Current trends in business, society, technology and information are changing where, when, why, and with whom employees will work over the next decade. In 2027, human beings will still be at the center of work, even as intelligent software and smart machines become co-workers.
As technology evolves, so too does the workplace, as are the methods employees use to complete various tasks. Chief human resources officers (CHROs) should consider six ways to prepare for how the workplace is changing.
Six Ways to Prepare for the Future of Work
Elimination of middle management: By 2027, work will depend on ensembles of autonomous and high-performing teams fulfilling crucial outcomes – a work philosophy called “We Working.” This philosophy is about deliberately designing small and flexible teams that dynamically resize and reform based on the scope and scale of the project. It will become the de facto organizational operating model replacing the traditional idea of teams and teamwork.
Along with the autonomy of “We Working ensembles,” the rise of algorithmic management challenges expectations about what human managers can do to assemble teams and enable them to perform effectively in 2027. Algorithms will displace middle managers whose jobs revolve around collecting data, supervising actions and ensuring compliance.

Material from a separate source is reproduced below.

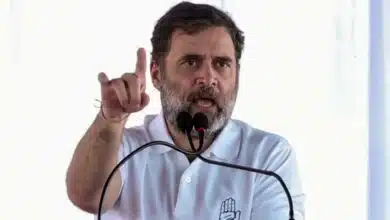Gandhi will review Maharashtra poll preparations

Constant upskilling: The digital economy will demand new ideas and companies will require employees who apply creativity, critical thinking and constant upskilling to solve complex problems.
By 2027, more than two out of three jobs will likely be non-routine, which is defined as cognitive work that requires thinking rather than doing. For example, straight coding will be largely automated by 2027 and as artificial intelligence (AI) products (re)design themselves, AI engineers will have to move onto other projects.
Recruiters will need to raise their game to find candidates for non-routine, cognitive jobs. This kind of work requires postgraduate education, training beyond high school and consistent upskilling. Heads of HR will have to champion lifelong learning and experiment with non-traditional channels such as boot camps, consumerized learning, and hackathons to anticipate how people will learn in 2027.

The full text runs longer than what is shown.